* **AVAILABLE DATA**:
━━━━━━━━

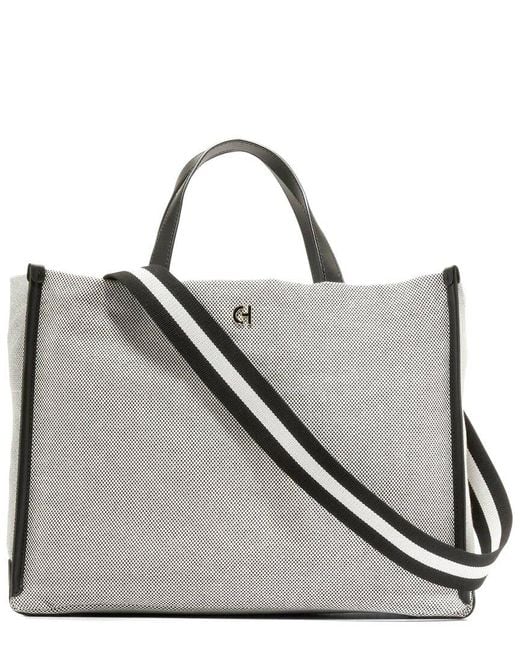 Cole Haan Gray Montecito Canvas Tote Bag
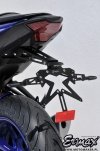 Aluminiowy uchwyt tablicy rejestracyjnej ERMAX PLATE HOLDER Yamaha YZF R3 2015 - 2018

━━━━━━━━

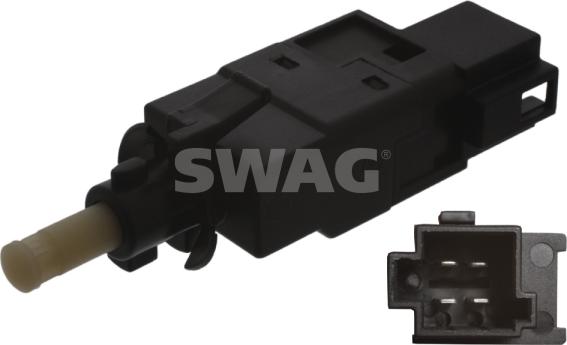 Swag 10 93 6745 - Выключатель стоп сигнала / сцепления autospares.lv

━━━━━━━━

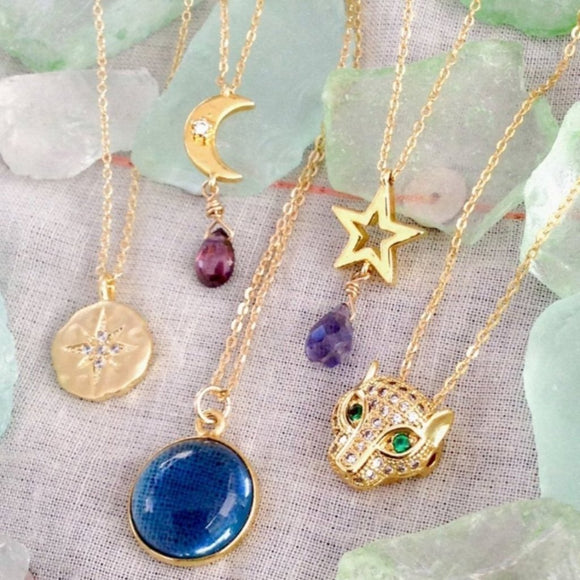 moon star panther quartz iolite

━━━━━━━━

* **EXERCISE DIRECTIONS**: In the records above, find the line with "Cole Haan Gray Montecito Canvas Tote Bag". Print exactly from there through the line with "Aluminiowy uchwyt tablicy", minus the pictures.

* **PROBLEM SOLUTION**:
 Cole Haan Gray Montecito Canvas Tote Bag
 Aluminiowy uchwyt tablicy rejestracyjnej ERMAX PLATE HOLDER Yamaha YZF R3 2015 - 2018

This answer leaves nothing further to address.